Data:

━━━━━━━━━━

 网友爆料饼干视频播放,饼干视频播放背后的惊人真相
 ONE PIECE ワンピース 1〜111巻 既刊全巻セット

━━━━━━━━━━

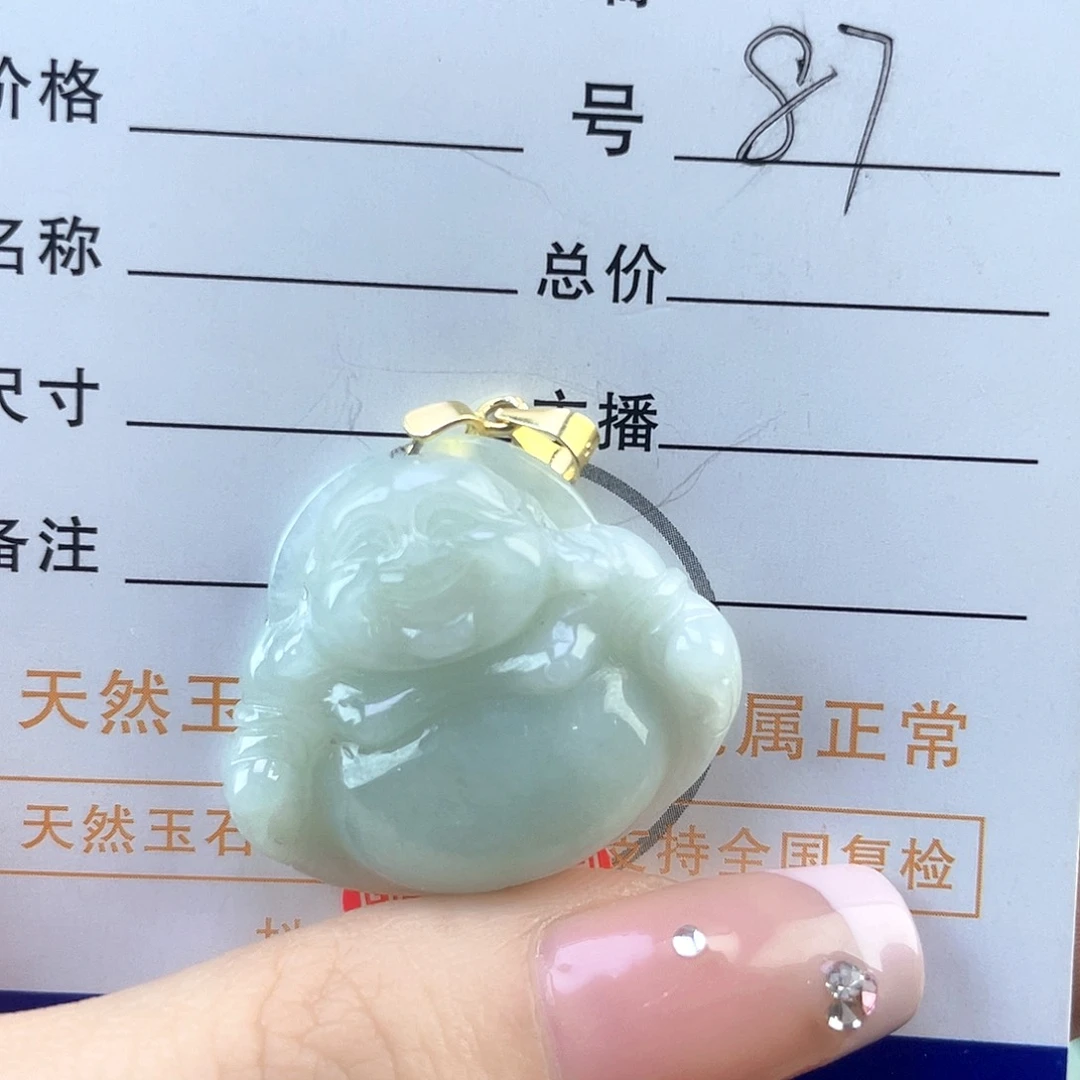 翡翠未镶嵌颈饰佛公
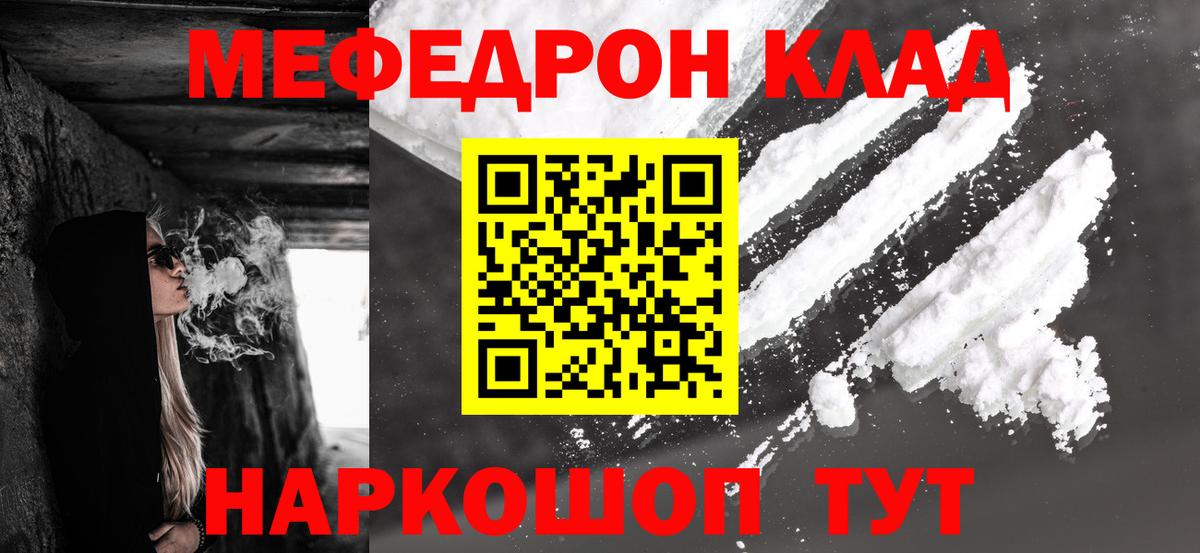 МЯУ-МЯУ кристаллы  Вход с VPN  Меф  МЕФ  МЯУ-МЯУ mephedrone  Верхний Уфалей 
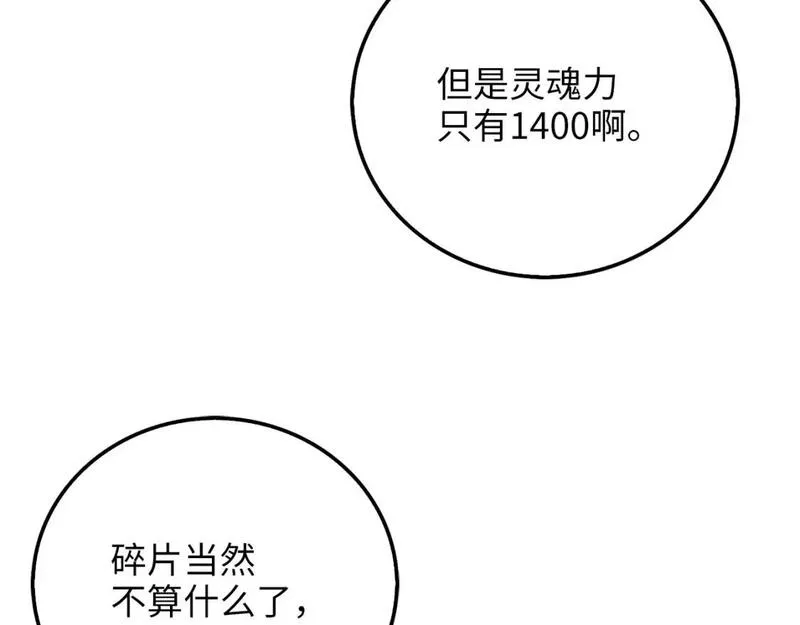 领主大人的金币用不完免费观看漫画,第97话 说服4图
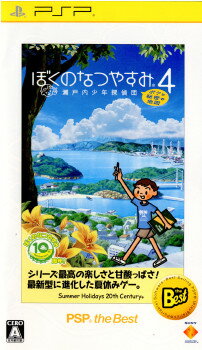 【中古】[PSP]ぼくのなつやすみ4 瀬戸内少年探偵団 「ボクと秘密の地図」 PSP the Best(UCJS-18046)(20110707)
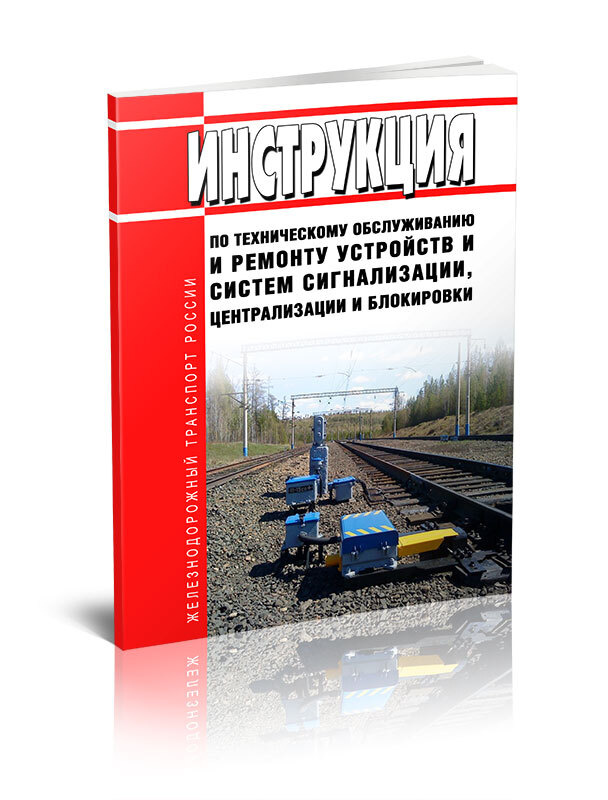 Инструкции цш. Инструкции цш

━━━━━━━━━━

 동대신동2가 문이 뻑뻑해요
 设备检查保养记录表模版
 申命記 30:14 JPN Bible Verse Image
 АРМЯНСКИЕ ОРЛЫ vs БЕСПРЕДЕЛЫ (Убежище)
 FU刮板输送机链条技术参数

━━━━━━━━━━

Your instructions:
Wherever the line holding "网友爆料饼干视频播放,饼干视频播放背后的惊人真相" falls in the entries above, copy exactly from it through the line holding "ONE PIECE ワンピース 1〜111巻 既刊全巻セット", inclusive, and add nothing.

Response:
 网友爆料饼干视频播放,饼干视频播放背后的惊人真相
 ONE PIECE ワンピース 1〜111巻 既刊全巻セット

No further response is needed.